* **What you are asked to do**
Begin at the line that holds "kitchen featuring pendant" and copy each line exactly until the data below ends, including that last line but no pictures.

Captioned web images
○ ○ ○

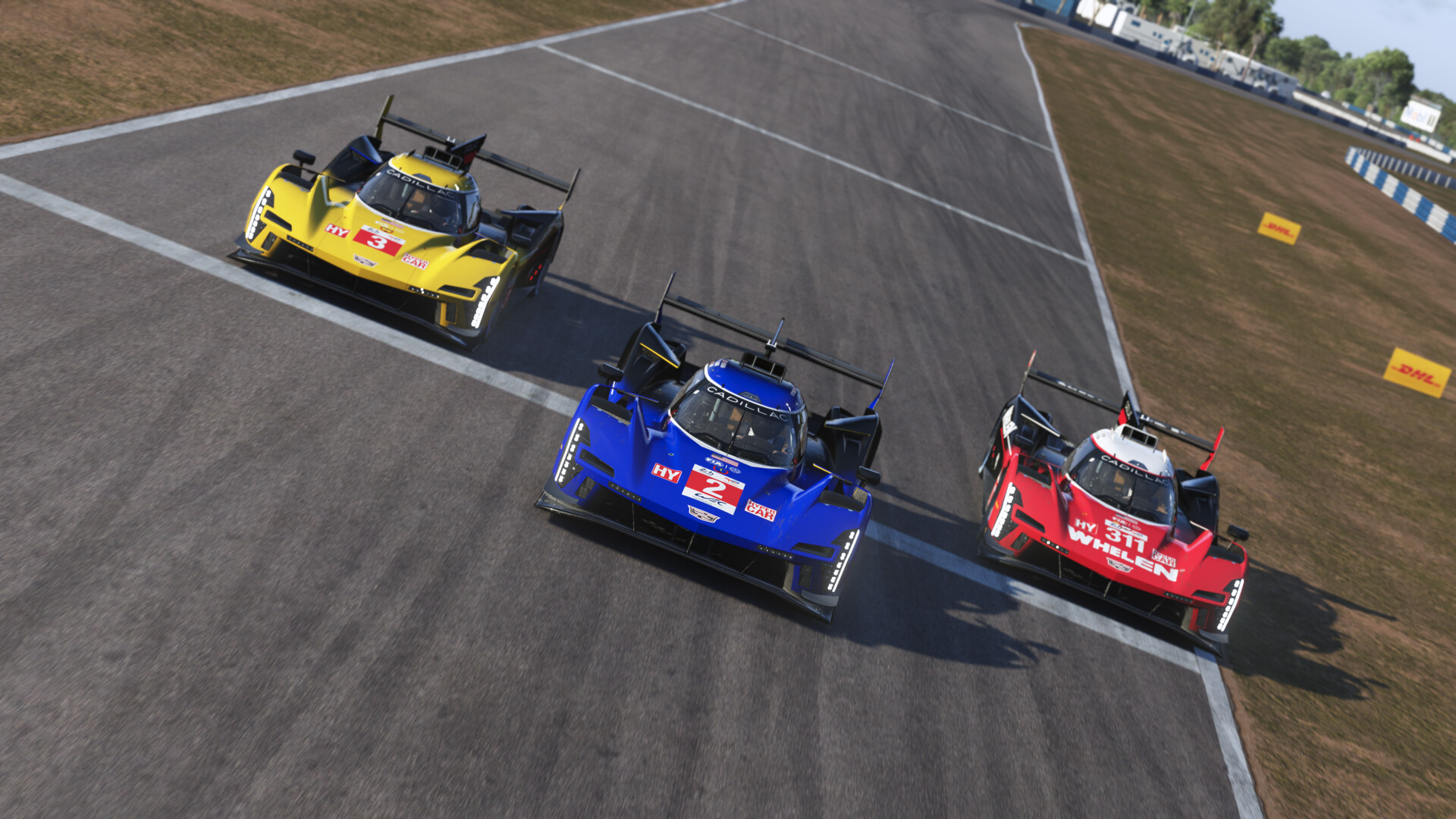 Three Le Mans Ultimate Hypercars running three-wide through a corner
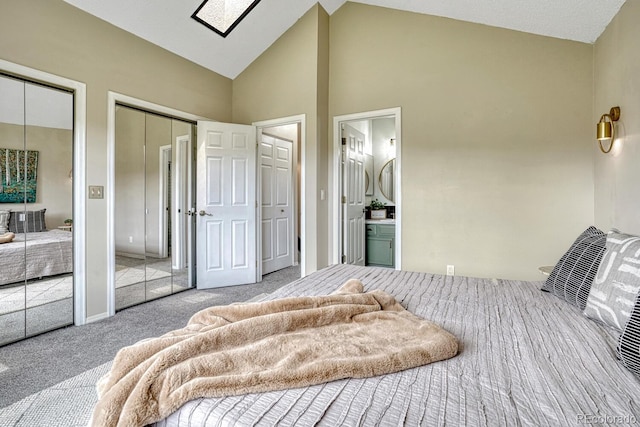 458 Rolling Hills Dr, Colorado Springs, CO 80919 - bedroom featuring two closets, carpet flooring, high vaulted ceiling, and connected bathroom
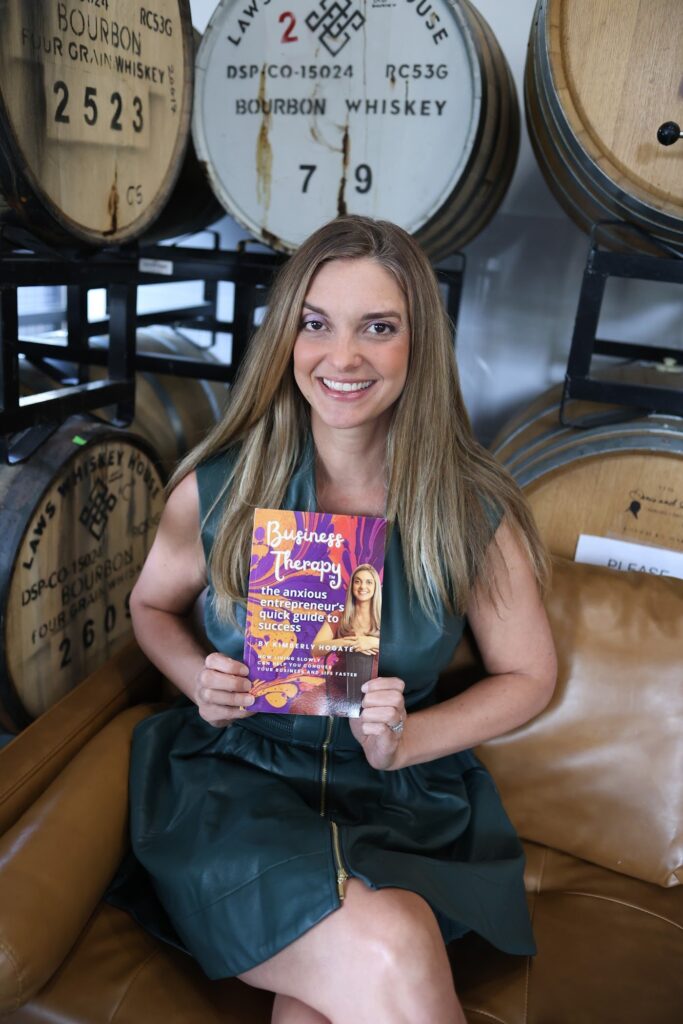Author Kimberly Hogate reading her book Business Therapy on a leather couch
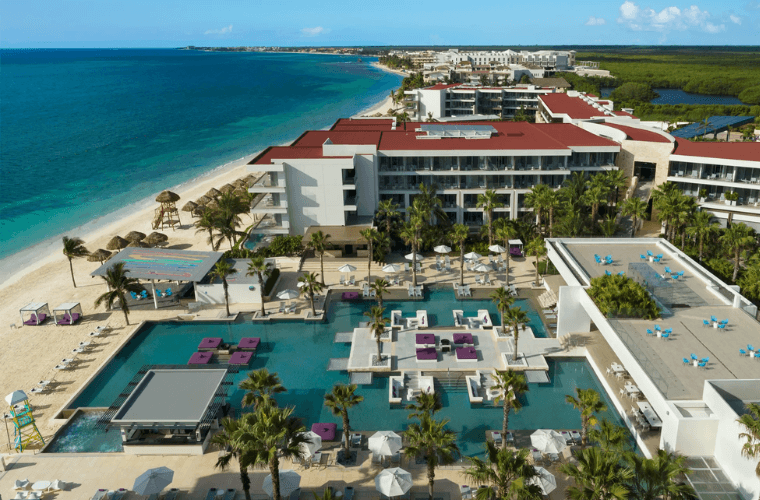 the Energy pool at Breathless Riviera Cancun with a beachside location 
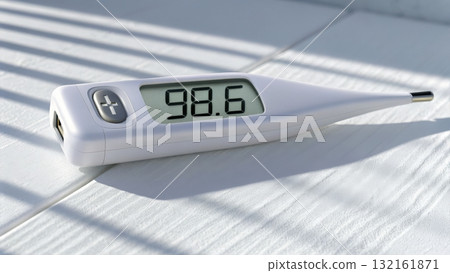 Digital thermometer displaying a temperature reading of 98.6 degrees on a bright surface 132161871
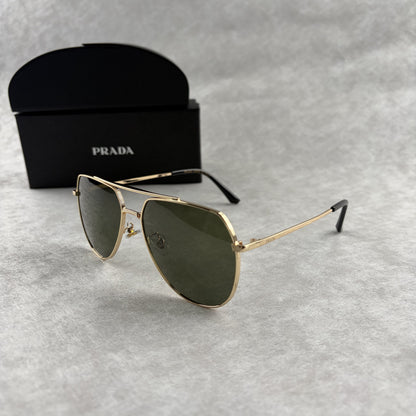 Classic gold-tone metal aviator sunglasses with tinted lenses, resting next to a protective case.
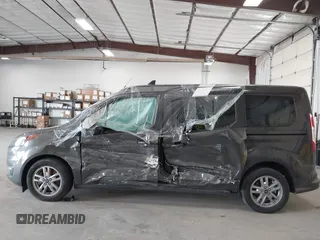 2022 Ford Transit Connect XLT с VIN NM0GE9F24N1543380, выставлен на аукционе IAAI как лот 40194457 с пробегом 26 050 миль миль и . История ставок и продаж доступна на DreamBid. Изображение 14.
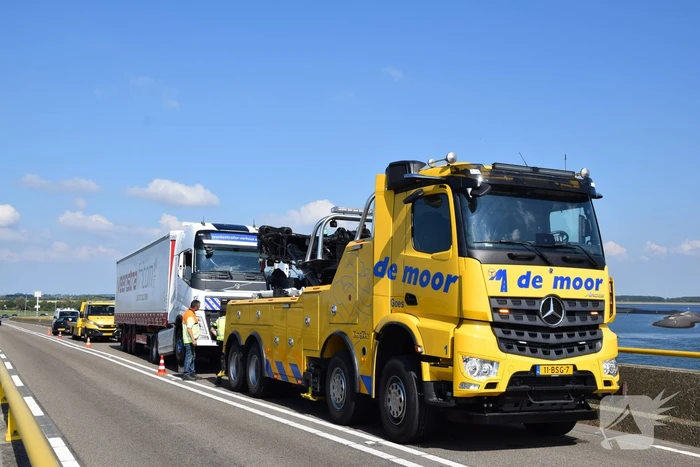 Vrachtwagen schampt wand Zeelandbrug na klapband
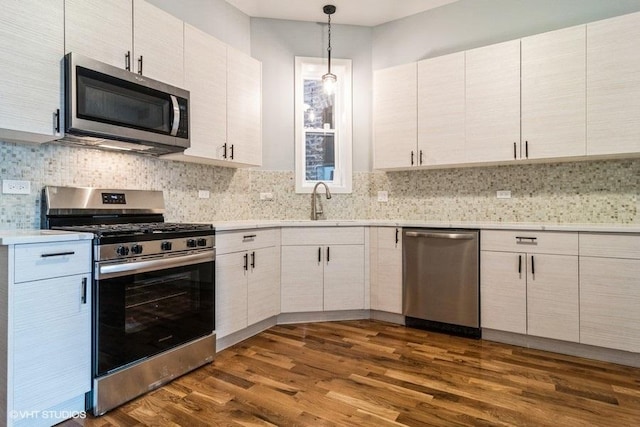 kitchen featuring pendant lighting, dark wood-type flooring, stainless steel appliances, white cabinets, and decorative backsplash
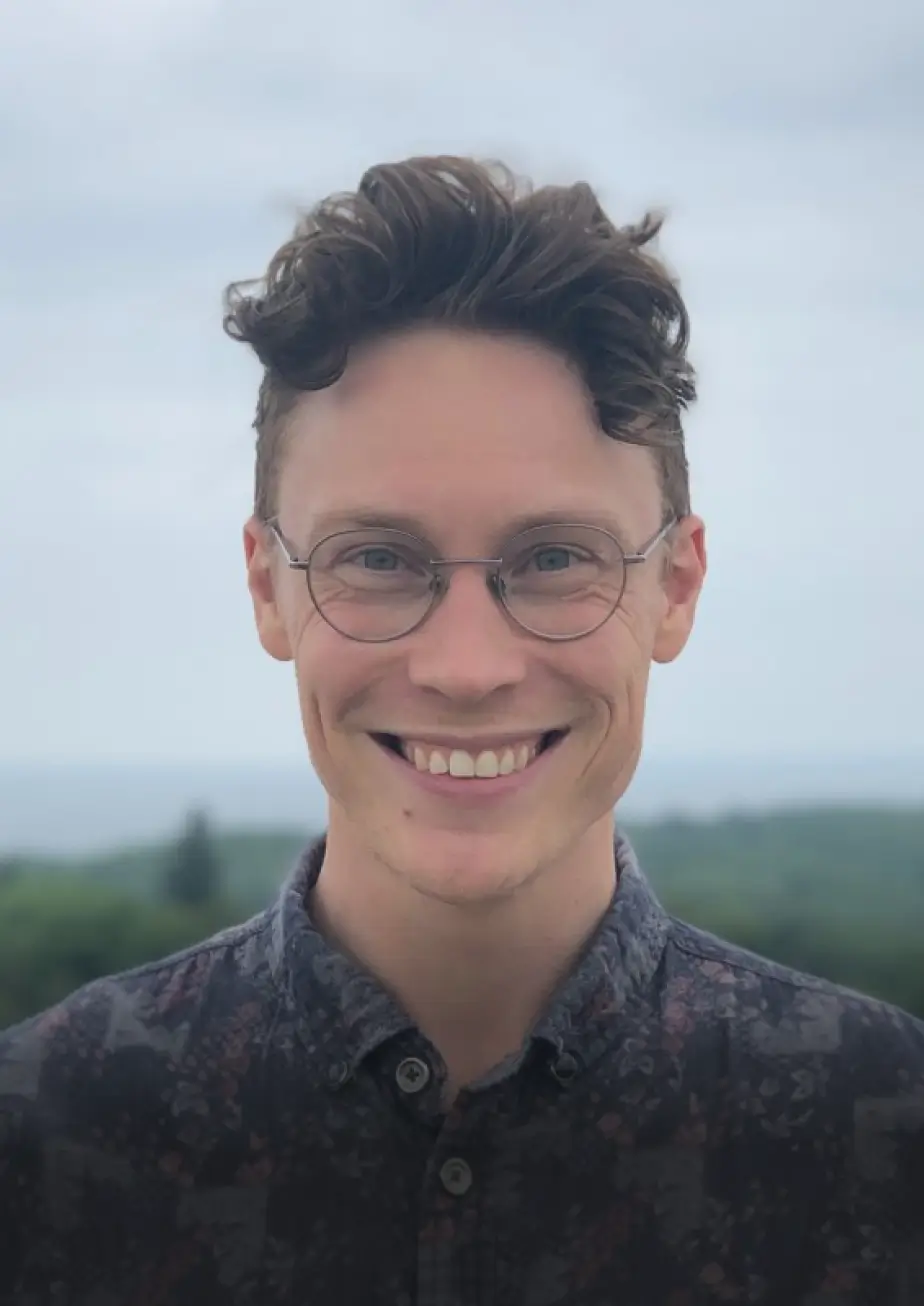 A smiling young men with a green landscape background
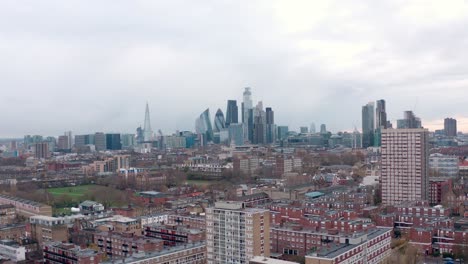 Aerial-circling-slider-shot-over-residential-area-to-central-London-skyscrapers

○ ○ ○

* **Response**
 kitchen featuring pendant lighting, dark wood-type flooring, stainless steel appliances, white cabinets, and decorative backsplash
 A smiling young men with a green landscape background
 Aerial-circling-slider-shot-over-residential-area-to-central-London-skyscrapers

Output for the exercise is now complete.